- Your assignment -
Once you have read the listing below, output it again exactly.

- Data segment -
__________
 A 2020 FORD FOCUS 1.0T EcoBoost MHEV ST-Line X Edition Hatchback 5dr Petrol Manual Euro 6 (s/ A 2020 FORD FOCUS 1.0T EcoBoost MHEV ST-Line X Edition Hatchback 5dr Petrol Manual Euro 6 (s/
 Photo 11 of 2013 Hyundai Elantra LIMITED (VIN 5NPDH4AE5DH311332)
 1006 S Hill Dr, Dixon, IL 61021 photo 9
__________
- Response -
 A 2020 FORD FOCUS 1.0T EcoBoost MHEV ST-Line X Edition Hatchback 5dr Petrol Manual Euro 6 (s/ A 2020 FORD FOCUS 1.0T EcoBoost MHEV ST-Line X Edition Hatchback 5dr Petrol Manual Euro 6 (s/
 Photo 11 of 2013 Hyundai Elantra LIMITED (VIN 5NPDH4AE5DH311332)
 1006 S Hill Dr, Dixon, IL 61021 photo 9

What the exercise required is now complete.